Comparing audio recordings

I have 5 recorded wav files. I want to compare the new incoming recordings with these files and determine which one it resembles most.

In the final product I need to implement it in C++ on Linux, but now I am experimenting in Matlab. I can see FFT plots very easily. But I don't know how to compare them.

How can I compute the similarity of two FFT plots?

Edit: There is only speech in the recordings. Actually, I am trying to identify the response of answering machines of a few telecom companies. It's enough to distinguish two messages "this person can not be reached at the moment" and "this number is not used anymore"

2 Answers

This depends a lot on your definition of "resembles most". Depending on your use case this can be a lot of things. If you just want to compare the bare spectra of the whole file you can just correlate the values returned by the two ffts.

However spectra tend to change a lot when the files get warped in time. To figure out the difference with this, you need to do a windowed fft and compare the spectra for each window. This then defines your difference function you can use in a Dynamic time warping algorithm.

If you need perceptual resemblance an FFT probably does not get you what you need. An MFCC of the recordings is most likely much closer to this problem. Again, you might need to calculate windowed MFCCs instead of MFCCs of the whole recording.

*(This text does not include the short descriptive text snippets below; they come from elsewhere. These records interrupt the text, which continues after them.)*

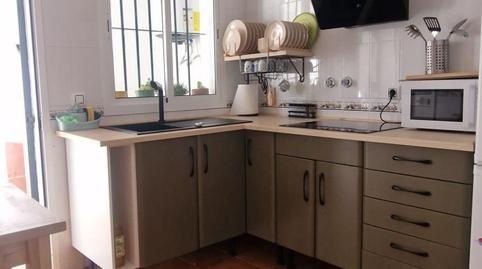 Foto 3 de Casa adosada en venda a Las Canteras, Cádiz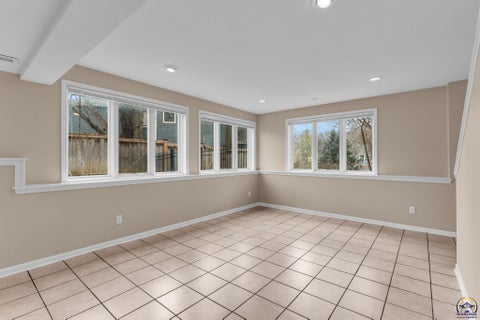 Tiny photo for 1128 Dubs Ct, Lawrence, KS 66049 (MLS # 246838)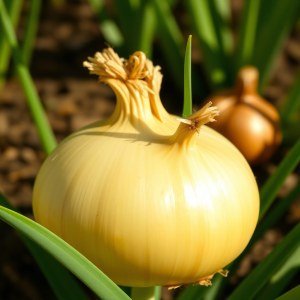 Yellow Onion Seeds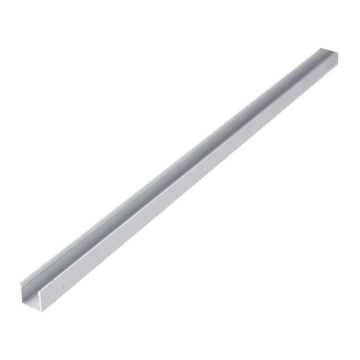 1M Mounting Track for MicroLux - A Type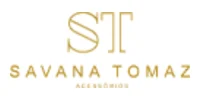 SAVANA TOMAZ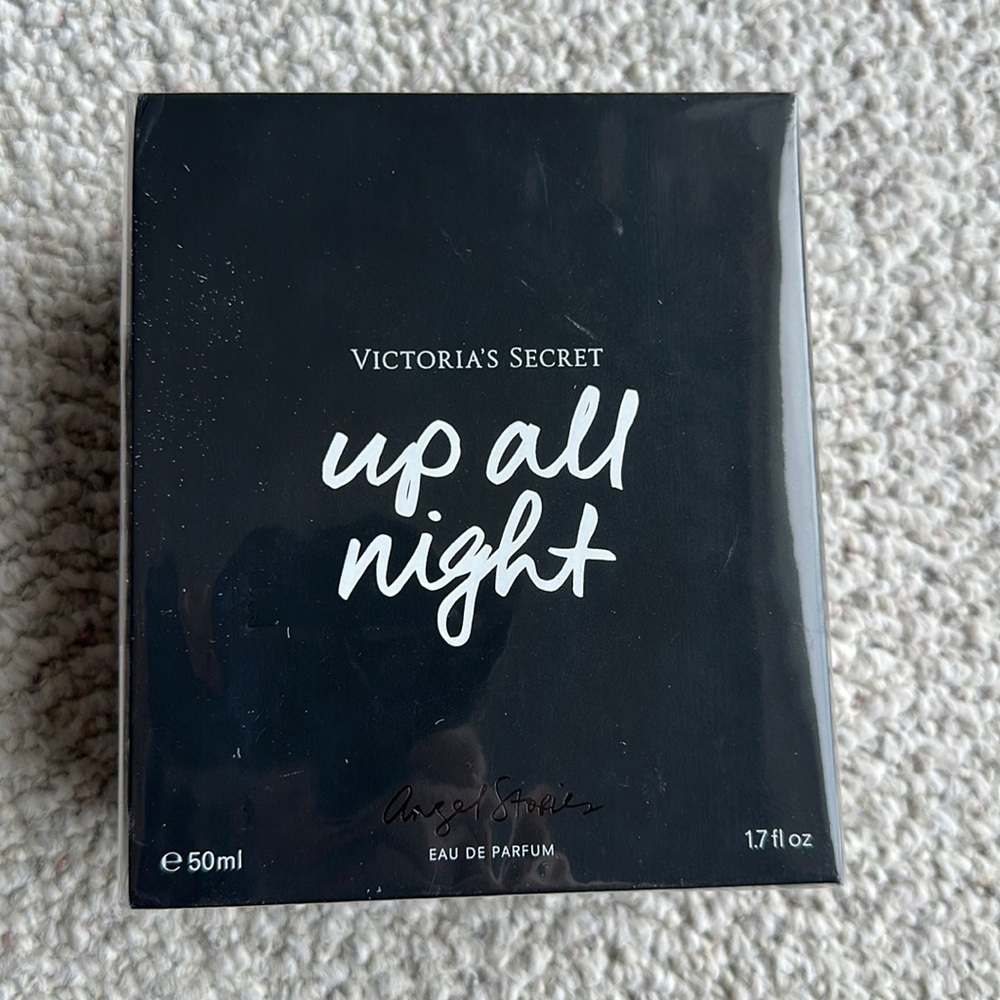 Up All Night by Victoria Secret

If you have musical recordings again you need completely different aproaches. There is a blog posting that describes how Shazam works, so you might be able to find this on google. Or if you want real musical similarity have a look at this book


The best solution for the problem specified above would be the one described here ("shazam algorithm" as mentioned above).This is however a bit complicated to implement and easier solution might do well enough.

If you know that there are only 5 different different possible incoming files, I would suggest trying first something as easy as doing the euclidian distance between the two signals (in temporal or fourier). It is likely to give you good result.

Edit : So with different possible starts, try doing an autocorrelation and see which file has the higher peak.